Task details: Word for word, print out all of the data, omitting every image.

Segment Open

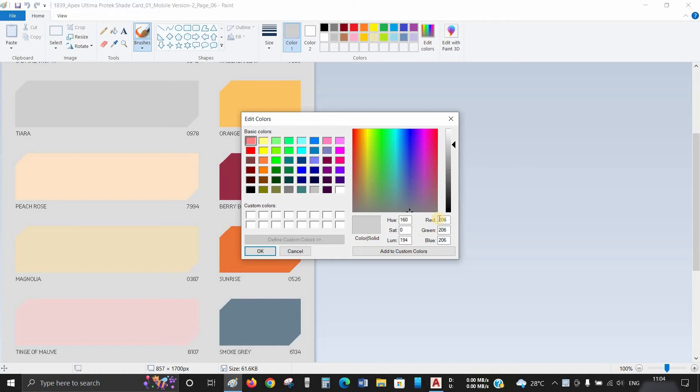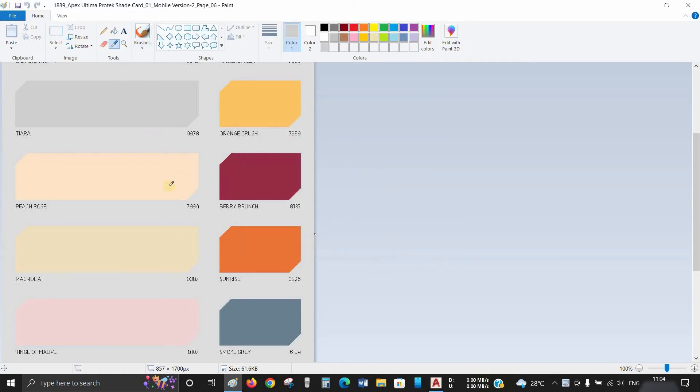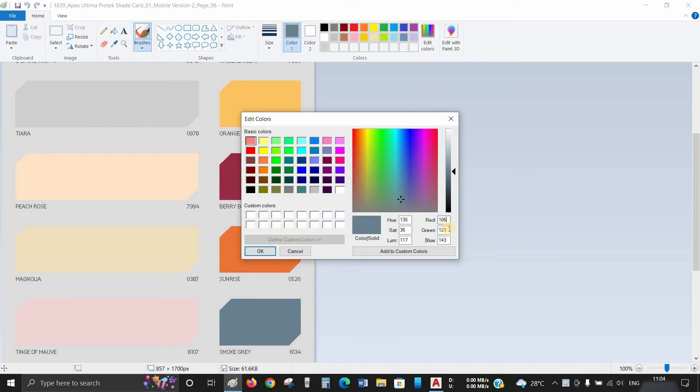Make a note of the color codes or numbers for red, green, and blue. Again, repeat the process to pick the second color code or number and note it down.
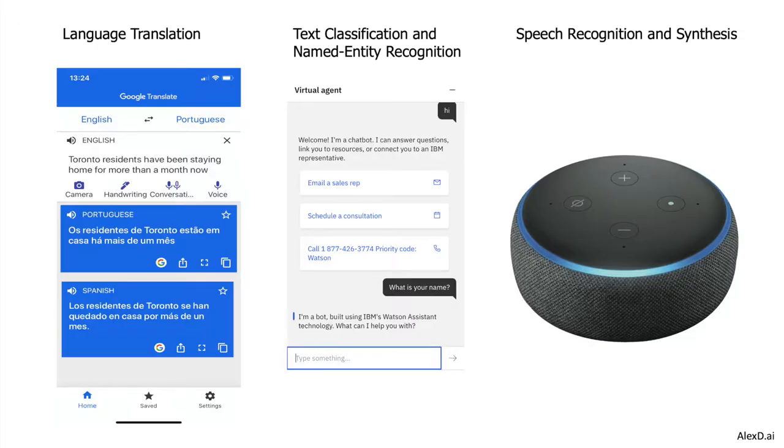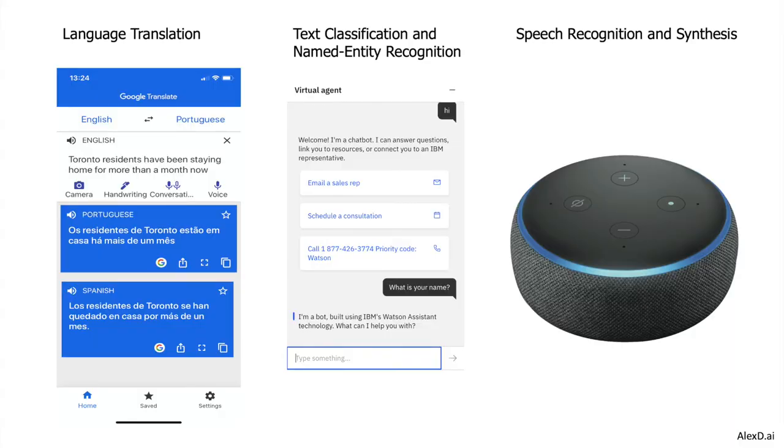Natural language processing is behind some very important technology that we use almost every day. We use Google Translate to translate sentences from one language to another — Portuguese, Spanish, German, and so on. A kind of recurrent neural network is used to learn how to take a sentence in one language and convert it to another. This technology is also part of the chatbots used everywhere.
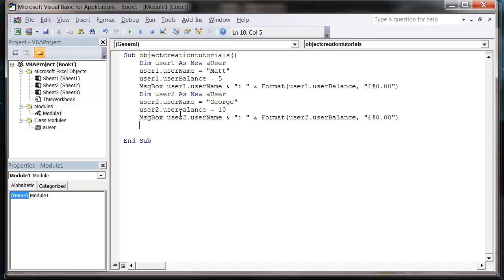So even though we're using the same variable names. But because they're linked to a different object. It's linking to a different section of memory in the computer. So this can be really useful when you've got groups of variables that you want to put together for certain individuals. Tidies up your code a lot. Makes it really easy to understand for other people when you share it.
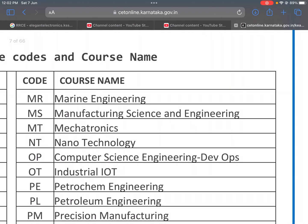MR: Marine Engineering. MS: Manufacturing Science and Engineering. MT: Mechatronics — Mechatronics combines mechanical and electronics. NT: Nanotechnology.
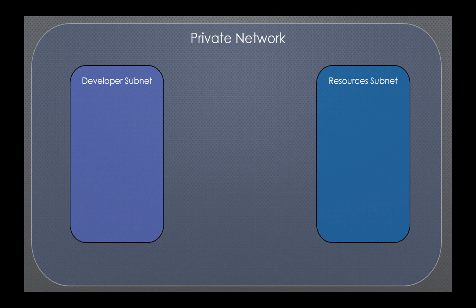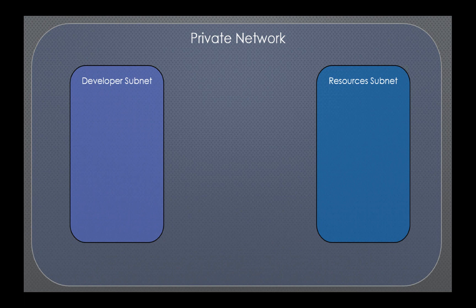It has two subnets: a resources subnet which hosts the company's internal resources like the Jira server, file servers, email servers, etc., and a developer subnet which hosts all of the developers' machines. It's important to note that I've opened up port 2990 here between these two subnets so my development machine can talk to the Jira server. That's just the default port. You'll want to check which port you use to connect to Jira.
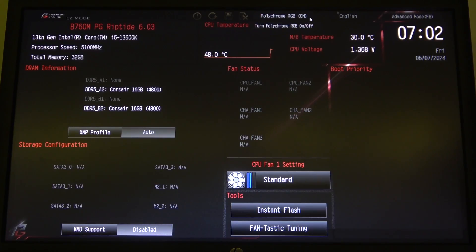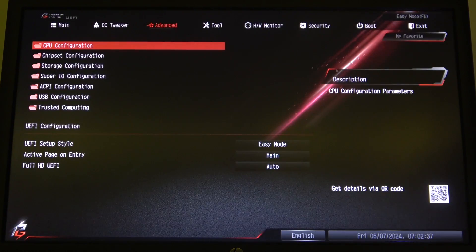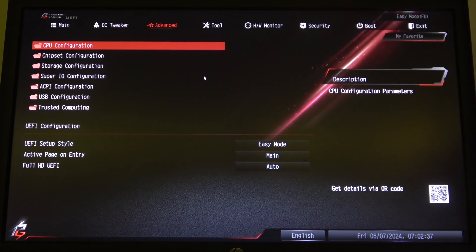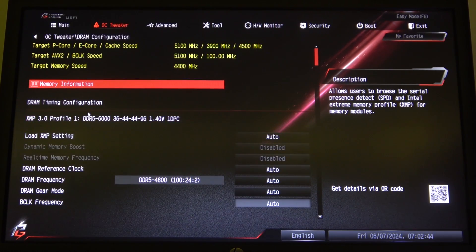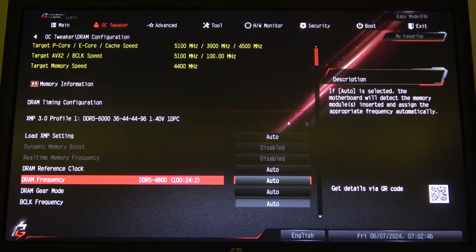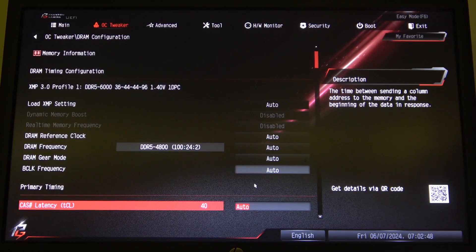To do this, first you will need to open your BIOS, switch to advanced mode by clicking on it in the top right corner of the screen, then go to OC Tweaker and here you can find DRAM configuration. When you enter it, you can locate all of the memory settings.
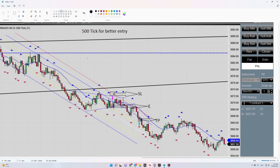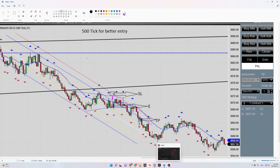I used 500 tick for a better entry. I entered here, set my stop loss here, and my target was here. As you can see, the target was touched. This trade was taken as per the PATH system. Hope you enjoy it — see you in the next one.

Segment Closed

Answer:
Make a note of the color codes or numbers for red, green, and blue. Again, repeat the process to pick the second color code or number and note it down.
Natural language processing is behind some very important technology that we use almost every day. We use Google Translate to translate sentences from one language to another — Portuguese, Spanish, German, and so on. A kind of recurrent neural network is used to learn how to take a sentence in one language and convert it to another. This technology is also part of the chatbots used everywhere.
So even though we're using the same variable names. But because they're linked to a different object. It's linking to a different section of memory in the computer. So this can be really useful when you've got groups of variables that you want to put together for certain individuals. Tidies up your code a lot. Makes it really easy to understand for other people when you share it.
MR: Marine Engineering. MS: Manufacturing Science and Engineering. MT: Mechatronics — Mechatronics combines mechanical and electronics. NT: Nanotechnology.
It has two subnets: a resources subnet which hosts the company's internal resources like the Jira server, file servers, email servers, etc., and a developer subnet which hosts all of the developers' machines. It's important to note that I've opened up port 2990 here between these two subnets so my development machine can talk to the Jira server. That's just the default port. You'll want to check which port you use to connect to Jira.
To do this, first you will need to open your BIOS, switch to advanced mode by clicking on it in the top right corner of the screen, then go to OC Tweaker and here you can find DRAM configuration. When you enter it, you can locate all of the memory settings.
I used 500 tick for a better entry. I entered here, set my stop loss here, and my target was here. As you can see, the target was touched. This trade was taken as per the PATH system. Hope you enjoy it — see you in the next one.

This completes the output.